Glenn Carbonara

Personal information
- Date of birth: September 17, 1966 (age 59)
- Place of birth: Vineland, New Jersey, U.S.
- Height: 5 ft 11 in (1.80 m)
- Position: Defender

College career
- Years: Team / Apps / (Gls)
- 1984–1987: Rutgers Scarlet Knights

Senior career*
- Years: Team / Apps / (Gls)
- 1988–1990: Baltimore Blast (indoor) / 40 / (6)
- 1990–1991: San Diego Sockers (indoor) / 32 / (5)
- 1991–1992: Illinois Thunder (indoor) / 24 / (5)
- 1992–1996: Cleveland Crunch (indoor) / 155 / (34)
- 1996–2002: Milwaukee Wave (indoor) / 221 / (42)
- 2002–2003: Philadelphia KiXX (indoor) / 34 / (5)
- Total:  / 506 / (97)

International career
- 1996–2000: U.S. Futsal / 12 / (3)

= Glenn Carbonara =

American soccer player (born 1966)

Glenn Carbonara (born September 17, 1966) is an American retired soccer defender who spent his entire professional career in the American indoor leagues.

==Youth==
Raised in Vineland, New Jersey, Carbonara graduated in 1984 from Vineland High School.
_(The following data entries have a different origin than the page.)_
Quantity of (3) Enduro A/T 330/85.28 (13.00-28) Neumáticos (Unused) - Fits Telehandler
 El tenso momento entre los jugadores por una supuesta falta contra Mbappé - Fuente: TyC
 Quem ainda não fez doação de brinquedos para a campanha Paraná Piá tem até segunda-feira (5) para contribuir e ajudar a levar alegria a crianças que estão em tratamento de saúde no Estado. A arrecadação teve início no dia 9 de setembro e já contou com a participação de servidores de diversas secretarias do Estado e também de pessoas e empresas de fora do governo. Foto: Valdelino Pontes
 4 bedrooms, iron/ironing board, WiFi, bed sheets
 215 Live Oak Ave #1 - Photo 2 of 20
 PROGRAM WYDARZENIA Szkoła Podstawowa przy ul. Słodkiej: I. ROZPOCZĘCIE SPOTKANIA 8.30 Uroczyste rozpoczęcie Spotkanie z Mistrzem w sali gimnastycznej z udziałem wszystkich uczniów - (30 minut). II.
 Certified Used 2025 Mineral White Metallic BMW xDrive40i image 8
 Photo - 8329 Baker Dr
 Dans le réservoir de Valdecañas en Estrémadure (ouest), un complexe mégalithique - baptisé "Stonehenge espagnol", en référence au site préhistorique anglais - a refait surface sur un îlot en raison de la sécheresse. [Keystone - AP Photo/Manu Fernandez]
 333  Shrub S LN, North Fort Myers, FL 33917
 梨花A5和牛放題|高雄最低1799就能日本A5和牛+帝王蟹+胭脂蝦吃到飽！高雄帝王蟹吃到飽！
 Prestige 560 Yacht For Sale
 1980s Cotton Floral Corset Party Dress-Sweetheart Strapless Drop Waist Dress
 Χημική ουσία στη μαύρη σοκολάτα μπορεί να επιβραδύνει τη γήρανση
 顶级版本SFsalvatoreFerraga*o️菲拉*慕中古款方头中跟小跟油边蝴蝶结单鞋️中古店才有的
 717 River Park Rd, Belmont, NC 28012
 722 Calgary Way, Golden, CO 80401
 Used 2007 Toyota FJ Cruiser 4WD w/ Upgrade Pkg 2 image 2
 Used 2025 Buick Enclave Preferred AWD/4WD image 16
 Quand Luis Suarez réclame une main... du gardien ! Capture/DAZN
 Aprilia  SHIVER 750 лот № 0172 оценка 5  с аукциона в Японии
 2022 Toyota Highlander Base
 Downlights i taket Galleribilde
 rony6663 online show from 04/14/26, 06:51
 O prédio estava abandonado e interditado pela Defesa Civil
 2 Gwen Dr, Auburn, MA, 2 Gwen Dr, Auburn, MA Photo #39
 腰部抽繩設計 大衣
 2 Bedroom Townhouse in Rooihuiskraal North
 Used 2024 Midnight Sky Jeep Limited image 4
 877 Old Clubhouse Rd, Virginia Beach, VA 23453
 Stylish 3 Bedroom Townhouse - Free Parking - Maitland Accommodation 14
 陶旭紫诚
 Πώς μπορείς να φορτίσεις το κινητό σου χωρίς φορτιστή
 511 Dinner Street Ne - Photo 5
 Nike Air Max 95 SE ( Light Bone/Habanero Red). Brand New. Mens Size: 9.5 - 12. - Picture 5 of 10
He was a 1984 Parade Magazine High School All American soccer player. He holds the single season scoring record for the state of New Jersey with 67 goals set in 1983. He is a member of the Vineland High School Hall of Fame. Carbonara attended Rutgers University, playing on the men's soccer team from 1984 to 1988.

==Professional==
In 1988, the Minnesota Strikers selected Carbonara in the Major Indoor Soccer League draft. When the Strikers folded, the Baltimore Blast acquired Carbonara's rights. He spent two seasons in Baltimore, but was released before the 1990–1991 season. In October 1990, Carbonara signed with the San Diego Sockers. That season, the Sockers won the league championship while Carbonara was named the Championship Series Unsung Hero. The Sockers released him during the off-season and Carbonara joined the Illinois Thunder of the National Professional Soccer League. In 1992, Carbonara moved to the Cleveland Crunch. In 1993, the Crunch won the NPSL title, giving Carbonara his second of his career. On December 27, 1996, the Crunch traded Carbonara, Obi Moneme, and Todd Dusosky to the Milwaukee Wave for Matt Knowles. Carbonara remained with the Wave until 2002. In 2001, he was named the NPSL Defender of the Year. On July 24, 2002, the Philadelphia KiXX purchased Carbonara's contract from the Wave. He played one season, then retired. Carbonara ended his career playing in 10 championship series winning 6 ( 1 with the San Diego Sockers, 2 with the Cleveland Crunch and 3 with the Milwaukee Wave). Carbonara was also a six time all- star in the MISL/NPSL/MSL.

==International==
Carbonara played for the United States national futsal team.